Akuttrauma: was hilft?

Aktualisiert: 2. Aug 2019

Ein Akuttrauma kann durch einschneidende Ereignisse ausgelöst werden, die häufig gravierende Langzeitfolgen haben. Betroffene laufen immer wieder Gefahr nach einem Akuttrauma eine posttraumatische Belastungsstörung (PTBS) zu entwickeln. Wie kann man vorbeugen und was kann man selbst für sich tun?


Die folgenden Ereignisse können zu einer akuten Traumatisierung führen

  • Erleben von absichtlichen körperlichen Verletzungen oder Schädigungen z. B. bei Überfällen

  • Schwere körperliche Verletzungen z. B. durch plötzliche Unfälle, sowie die Augenzeugenschaft solcher Ereignisse. Auch die Verursacher von Unfällen, bei denen andere Menschen schwer oder tödlich verletzt werden, erleiden häufig Traumata. Dies wird häufig verkannt, da diese Personen oft in erster Linie als Täter angesehen werden.

  • Durchleben akut lebensbedrohlicher Situationen

  • Gewaltsamer oder plötzlicher Tod einer nahestehenden Person

  • Unerwartet mit einer lebensbedrohenden Erkrankung konfrontiert werden

  • Mit entstellten menschlichen Körpern oder Körperteilen konfrontiert werden, z. B. bei Verkehrsunfällen


Nach einem derart schrecklichen Erlebnis brauchen die Betroffenen zunächst einmal Zeit, sich vom ersten Schock zu erholen. Man fühlt sich „wie in Watte gepackt“ und weit vom Geschehen entfernt. Oft lassen sich Symptome wie Herzrasen, eine beschleunigte Atmung oder auch Verwirrtheitszustände feststellen und man benötigt zunächst einmal medizinische Hilfe und einen gewissen Schutzraum.

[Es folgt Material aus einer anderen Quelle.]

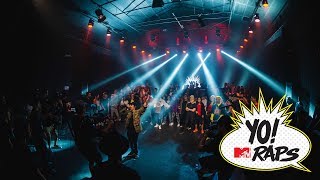 Download Yo! MTV Raps episode 3 (full) ft. Daboyway, $tupid Young, Abra, Radio 3000, Reddy & Bohan Phoenix Mp3 Download Yo! MTV Raps episode 3 (full) ft. Daboyway, $tupid Young, Abra, Radio 3000, Reddy & Bohan Phoenix Mp3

In den ersten Wochen nach dem Ereignis gelingt es vielen Betroffenen, sich etwas zu erholen. Der Zustand der Übererregtheit legt sich langsam und man gewinnt etwas Abstand und interessiert sich auch wieder für das normale Leben und die sozialen Beziehungen.


Damit dies gelingt, kann man auch selbst für sich sorgen und Maßnahmen ergreifen, die die eigene Heilung unterstützen.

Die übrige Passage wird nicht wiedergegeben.